Fomos consultar os dados disponibilizados pela Organização Mundial de Saúde (site "worldometer"):
Dos 30 primeiros países da lista, só 6 países apresentam mais mortes em números relativos (mortos por milhão de habitantes) do que a Suécia: a Espanha (544), a Itália (478), o Reino Unido (419), a França (381), a Bélgica (684) e a Holanda (297). A Suécia tem 274/por milhão. Os restantes 23 países, entre os quais Portugal (104/por milhão), têm todos menos mortes.
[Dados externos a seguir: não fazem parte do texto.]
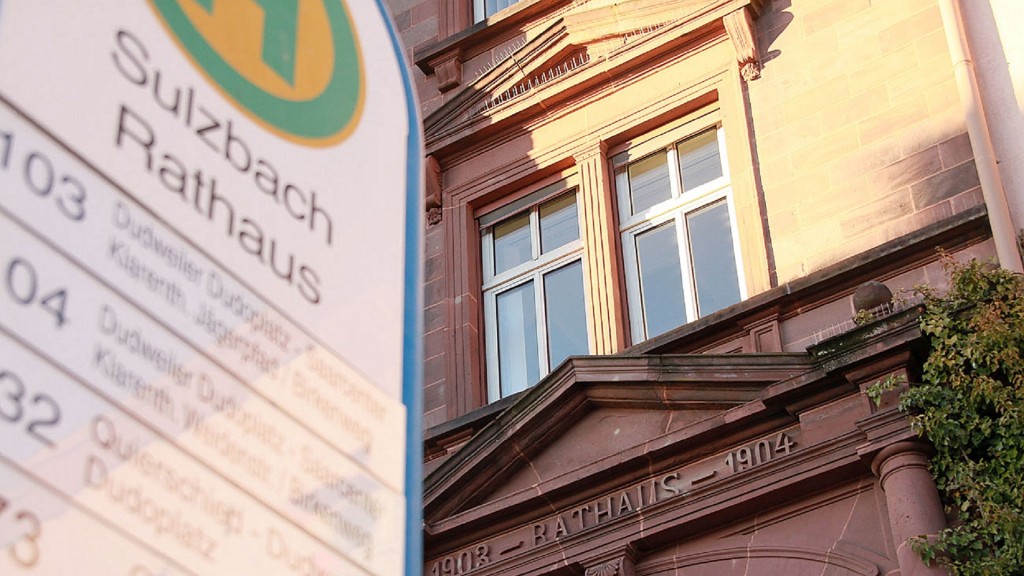 Rathaus Sulzbach mit Bushalteschild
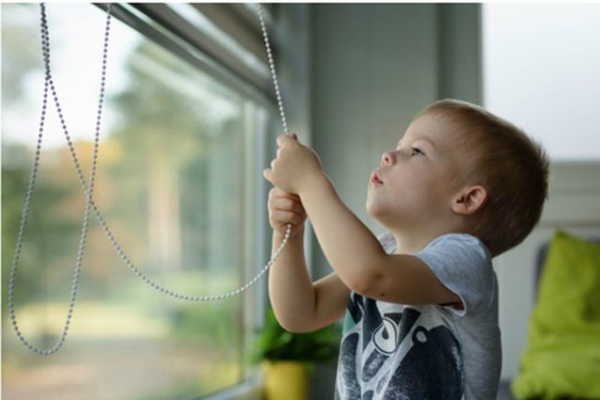 Thận trọng với rèm cửa chớp kéo dây khi nhà có trẻ con
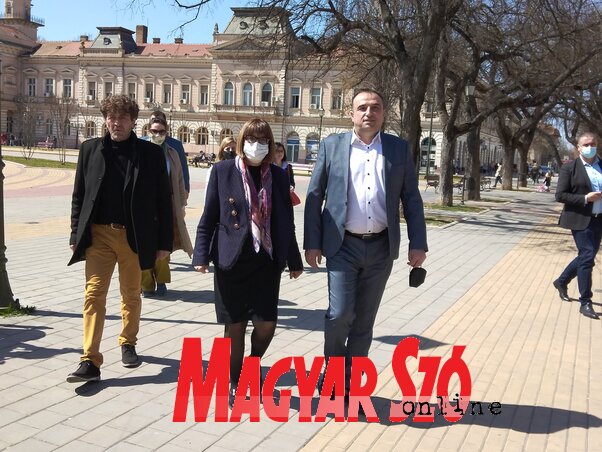 Maja Gojkovićot Óbecsén Dragan Tošić polgármester fogadta (Fotó: Fehér Rózsa) Maja Gojkovićot Óbecsén Dragan Tošić polgármester fogadta (Fotó: Fehér Rózsa)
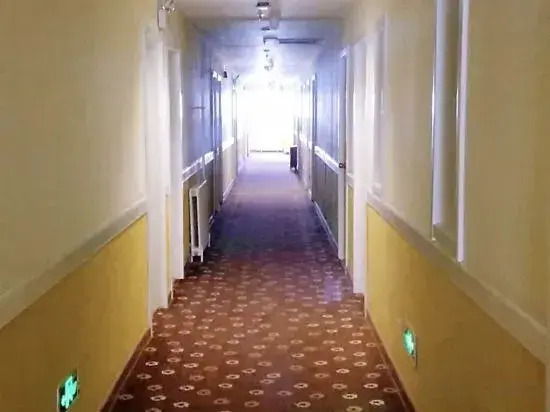 Home Inns (Hami Railway Station Bayi North Road)
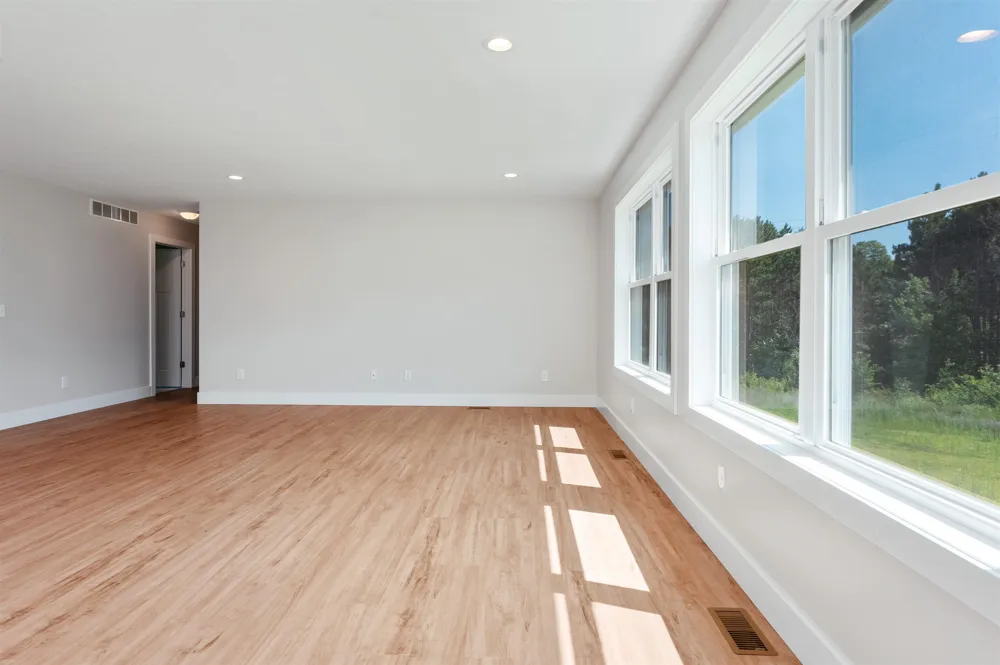862 Coyote Lane East Bay Township, MI 49696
Em ambos os grupos, há países que defendem o confinamento geral e países que defendem o sistema aberto. Portugal, que tem sensivelmente o mesmo número de habitantes da Suécia (10 milhões) e defende o confinamento geral, tem quase 3 vezes menos mortos que a Suécia, que tem um sistema aberto. Afinal, em que ficamos?
Numa coisa, estou de acordo com Giesecke. Ele alerta para os perigos dos estados de emergência, que os ditadores não deixarão de aproveitar para aumentar o seu poder. Dá o exemplo de Orbán (Hungria). É verdade. Por isso, para além de combater o vírus, também é preciso combater os ditadores.